September announcement. The new approach, which was announced in September, involves responding to some no-action requests orally instead of in writing. In the summer, division director Bill Hinman discussed the plan, stating that if the staff "gets out of the way," it could lead to improved engagement.
The announcement has generated a considerable amount of uncertainty among stakeholders, but Parratt reassured them that the three possible positions—grant, denial, or declining to express a view—is what the staff has always done. Moreover, she believes that chart will make it easier to track the staff’s work on no-action letters.
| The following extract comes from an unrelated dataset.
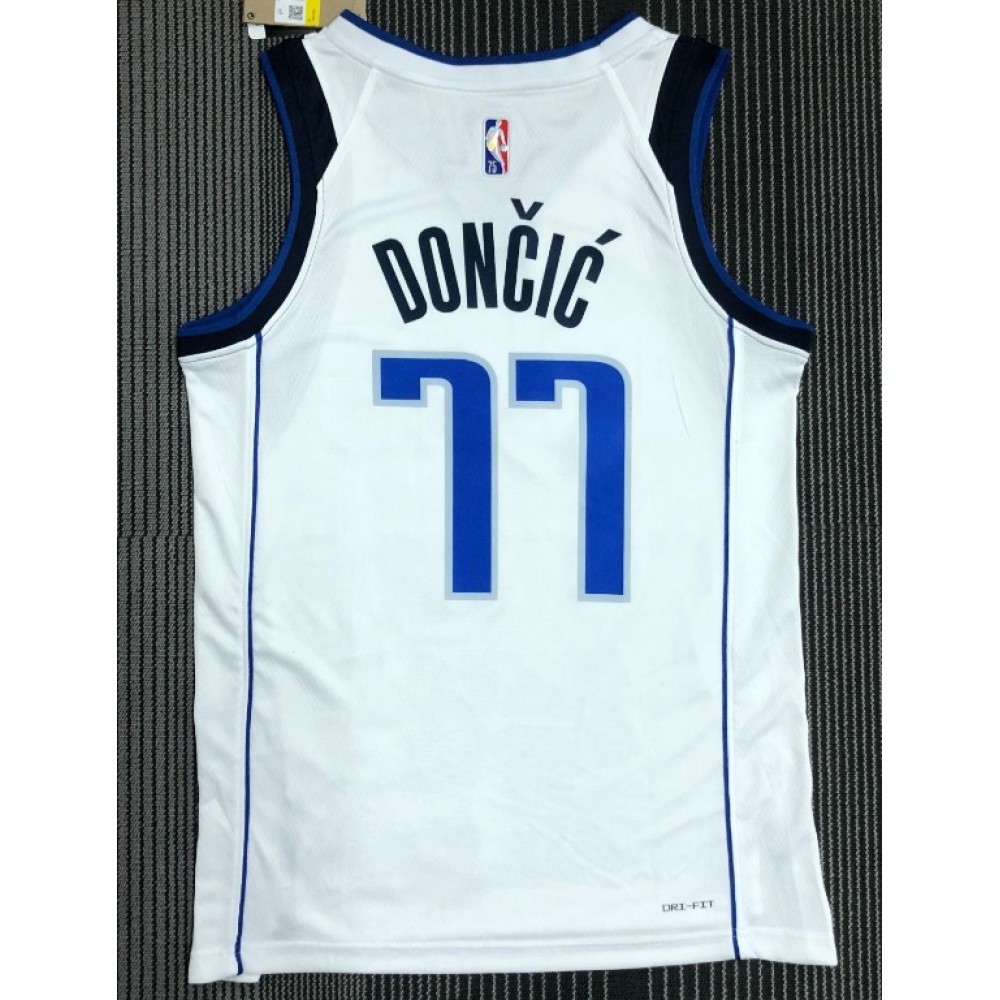 Men’s Dallas Mavericks Luka Doncic #77 Nike White 2021/22 Swingman NBA Jersey – Icon Edition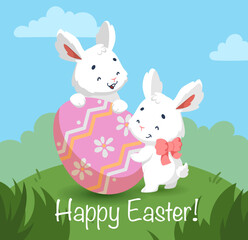 Happy easter card with cute white bunnies and easter egg on a green meadow. Cartoon character rabbit.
Morrison and Foerster’s Martin Dunn concurred that in the September announcement the staff just reiterated the same three options that have always existed. He noted that if the staff decides not to state a view, it simply means that it is not getting involved and the parties are free to litigate the matter. He said that he hopes that declining to state a view does not become the norm this proxy season.
Dunn, who spent a number of years working with no-action letters at the SEC, thinks that oral advice makes sense from a time-management perspective. He cited instances in which proponents submit a lot of letters on an issue, many of which do not advance the matter. It can take up a lot of the staff’s time to maintain those files, he noted, and oral advice would eliminate that.
Concerns about the approach. Dunn does have one concern about oral no-action advice. If the staff calls the proponent, and then calls corporate counsel, how can counsel be sure that the two parties heard the conversation the same way, he said.
Elizabeth Ising, a partner at Gibson Dunn and frequent author of no-action requests, said that she is not too worried about the staff delivering decisions orally. She is concerned about the instances in which the staff issues no decision. Clients are not going to like the uncertainty, she noted, and having to decide whether or not to litigate the matter.
Glass Lewis. Dunn noted that proxy adviser Glass Lewis has decided to take a hard line with respect to the new no-action approach. It recently released its policy stating that in cases where the staff states no view, Glass Lewis will recommend against the company’s governance committee.
Glass Lewis went a step further, stating that if no-action advice is given orally, it expects to see disclosure about it in a company’s proxy. If there is no written record, Glass Lewis plans to give a negative recommendation on the company’s governance committee.
On this point, Stephen Brown, a senior adviser at the KPMG Board Leadership Center, recommended that companies disclose oral no-action advice or the staff’s decision to take no position somewhere in their proxy statements. It is a good idea to demonstrate to investors that the company has gone through the process and heard from the staff, he said.